Supreme Court of Virginia
Jan 18, 1965
205 Va. 734 (Va. 1965)


41607 Record No. 5810.

January 18, 1965

Present, Eggleston, C.J., and Spratley, Buchanan, Snead, I'Anson and Carrico, JJ.

(1) Eminent Domain — Interrogatories — Disclosure of State's Appraisers and Valuations Not Compellable.

(2) Eminent Domain — Sales of Comparable Properties — Evidence of Allowed.

(3) Eminent Domain — Sale of Property Not Shown Comparable — Evidence of Excluded.

1. In condemnation proceedings brought by the Highway Commissioner the land-owners sought by interrogatories to learn the names and addresses of all persons who had appraise the property and the amount of each such appraisal. These interrogatories were properly quashed, because a landowner may not thus compel disclosure of values set by the Commissioner's appraisers or of records of the Commission.

2. No error was committed in allowing evidence of the price the landowners paid for the property seven years before the condemnation and of other sales of comparable property in the same locality; these transactions being on an open market and close enough in time to permit fair comparison.

3. The evidence of a neighbor, who was not qualified as an expert, that he had after the institution of the condemnation proceeding, bought a lot three blocks away at a relatively high figure was properly excluded since there was nothing to show this lot was similar in character, availability or marketability to the land sought by the Commissioner.

Error to a judgment of the Corporation Court of the city of Norfolk. Hon. H. Lawrence Bullock, judge presiding.


The opinion states the case.

Morris H. Fine (Fine, Fine, Legum, Schwan Fine, on brief), for the plaintiffs in error.
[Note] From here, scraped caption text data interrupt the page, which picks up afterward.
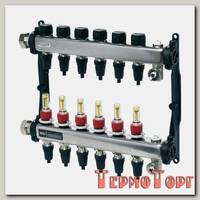 Коллектор TECE TECEfloor для поверхностного отопления 1 x 16 push-fit, 7 контуров
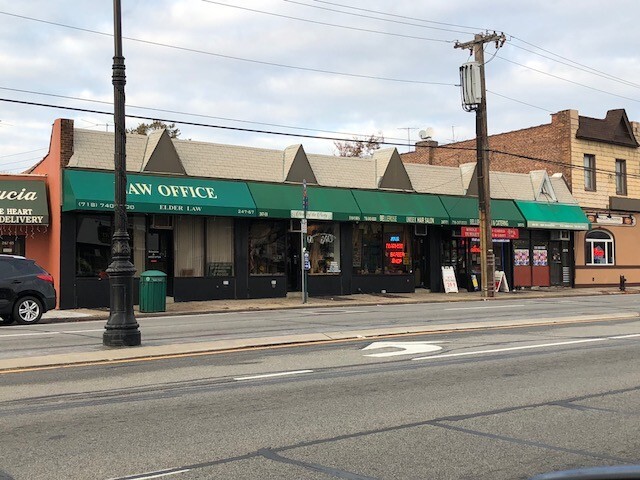 24767-24775 Jericho Tpke, Bellerose, NY for lease Building Photo- Image 1 of 6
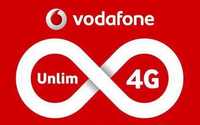 Водафон Super Net Unlim. Рік без абонплат. Vodafone sim
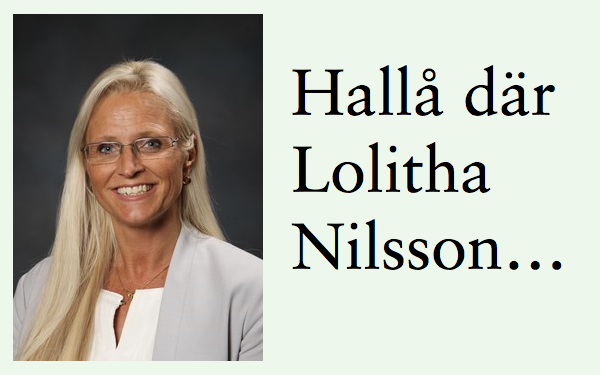 Två frågor till rektorn Lolitha Nilsson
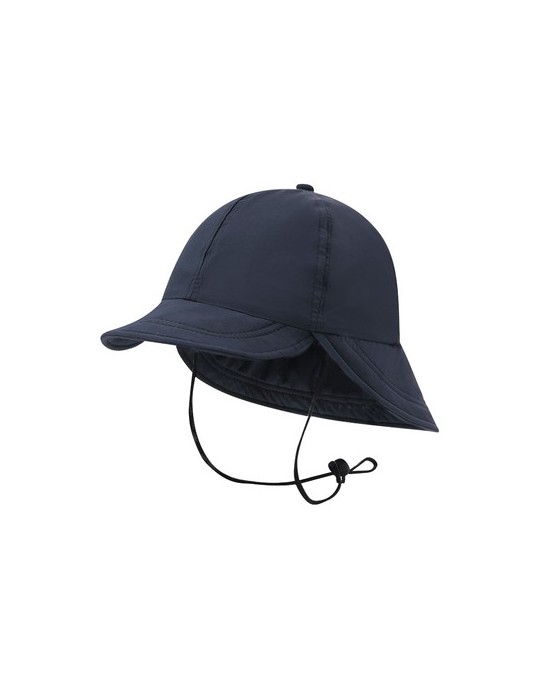 Casquette Publicitaire Éco-responsable Fraser Matières : polyester Couleurs : bleu marine cadeau entreprise pas cher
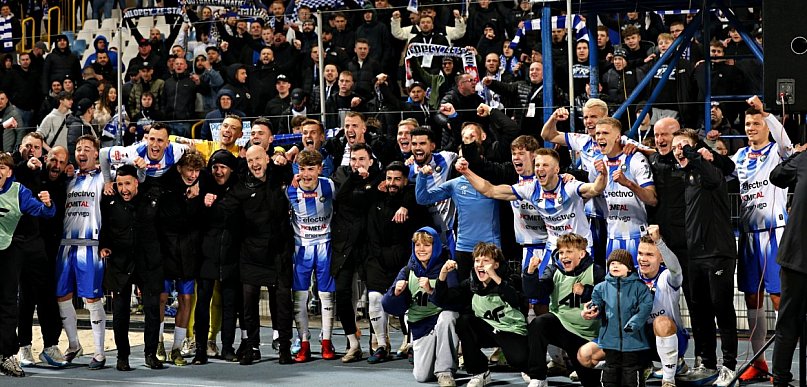 FKS Stal Mielec - Stal Rzeszów. Derby są Nasze! [FOTO]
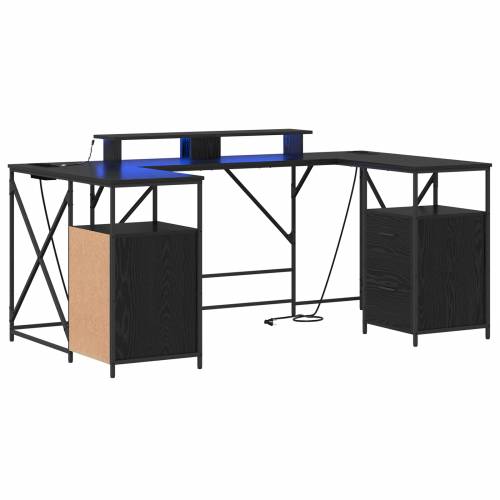 Stol Crni hrast 182 x 101 x 87.5 cm Konstruirano drvo Cijena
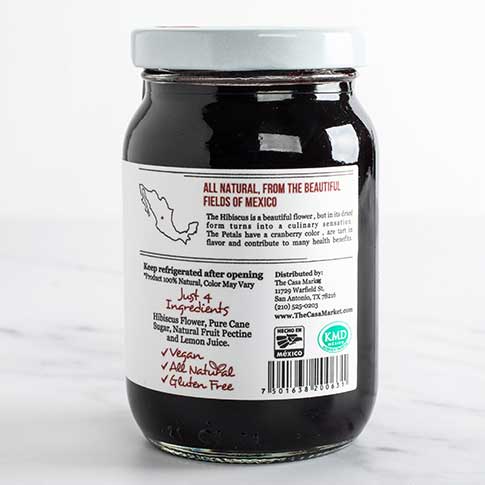 Mexican Hibiscus Marmalade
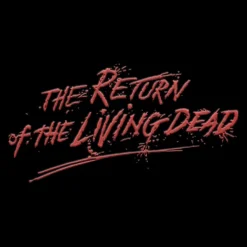 Super7 Return Of The Living Dead Logo Sweatshirt| Return Of The Living Dead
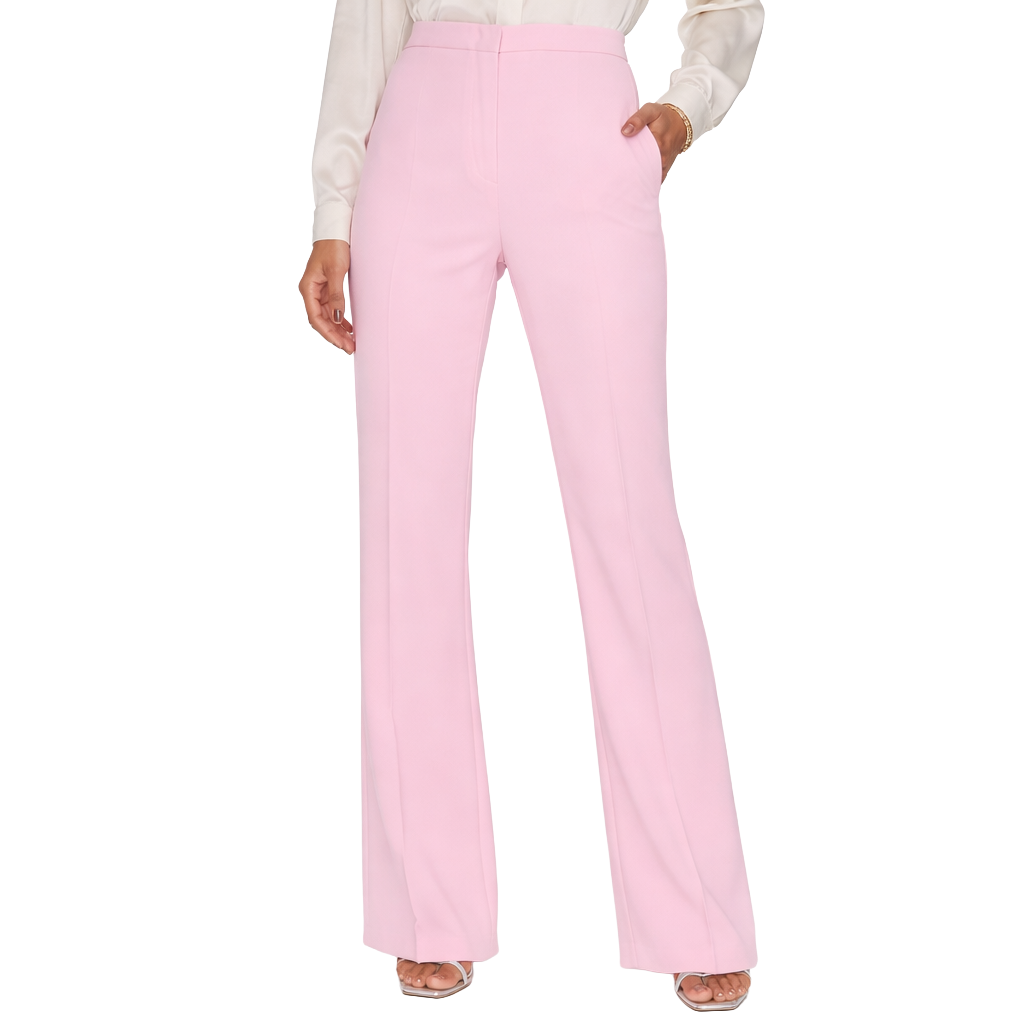 Pinko Women Trousers Hulka Pink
M. Ray Johnston, Assistant Attorney General (Robert Y. Button, Attorney General; Paul D. Stotts, Assistant Attorney General, on brief), for the defendant in error.

On July 9, 1962, the State Highway Commissioner instituted eminent domain proceedings against Claudie L. Edwards and Virginia Edwards, his wife, landowners, for the acquisition of a portion of their property in connection with the construction of Interstate Route 64 in the city of Norfolk. Code of Virginia, Sections 33-57 to 33-75, as amended, 1964 Cum. Supp.

On September 6, 1962, the landowners, pursuant to Sec. 8-320 of the Code of Virginia, 1950, served upon the Commissioner interrogatories seeking the names and addresses of all the persons who appraised their property and the amount of each such appraisal. A motion to quash the interrogatories was granted by the trial court. The landowners excepted.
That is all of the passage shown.